Prof. E. N. Horsford, of Cambridge, Mass., Class of 1838, late U. S. Commissioner to the Vienna Exposition, then delivered the following address:

ADDRESS BY PROF. E. N. HORSFORD, CLASS OF 1838.

Gentlemen of the Alumni of the Rensselaer Polytechnic Insti

tute:

I might, as a loyal son of our Alma Mater, try to pay the tribute of my respect to the Institution which has grown from comparatively small beginnings to its present commanding position. I might speak of the genius of its founder; of his discovery of the system of object teaching, and of the then new method of training young men to become teachers; of his great services of other kinds to the cause of education; of his vast acquisitions and perfect. command of them at all times. I might glance at the career of the graduates I have known. I might recall to your memory the names of some of the friends of the Institute in the days of my membership-of some who still live; of more that have gone-but at the best, I should indifferently fulfill the task. It will be performed by others better fitted, by sons more familiar with the record. I will not add, by sons who remember, with a warmer gratitude than I, the privileges that were secured to us here.
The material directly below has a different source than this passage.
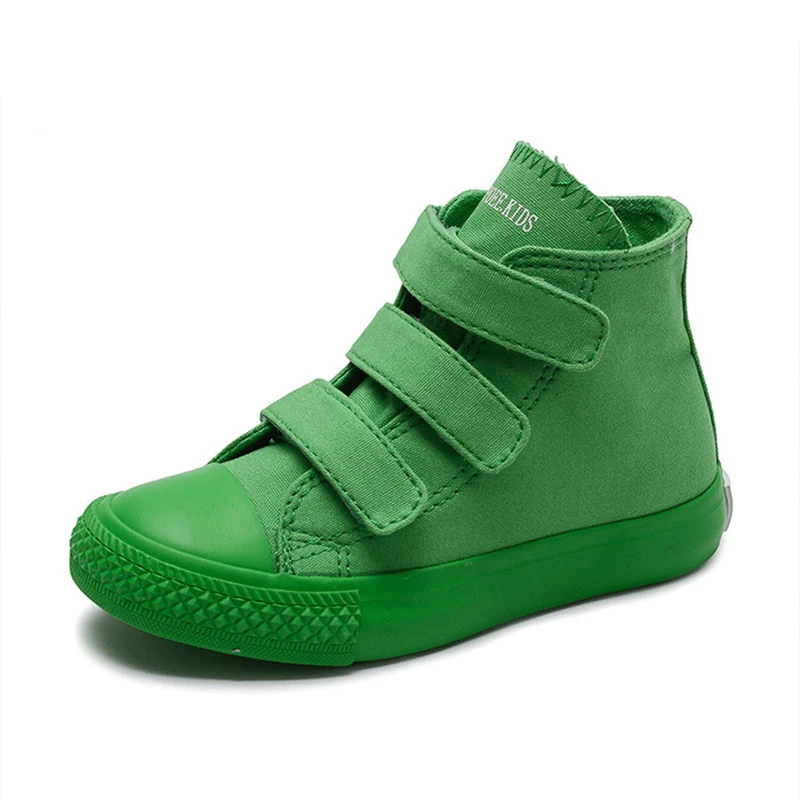 Low High Top Children's Solid Canvas Shoes Boys Girls Hook And Loop Sports Sneakers Kids Casual Flats Student Walking Board Shoe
It was a source of pride and satisfaction to me when, some years after my graduation, it was my fortune to enter Leibig's Laboratory as a pupil, to find that the methods pursued under the guidance of that great Teacher, were in many respects the methods I had been familiar with in the Rensselaer Institute; carried out with the ampler facilities furnished by Government, but essentially the same in conception, in fitness, in certainty of result.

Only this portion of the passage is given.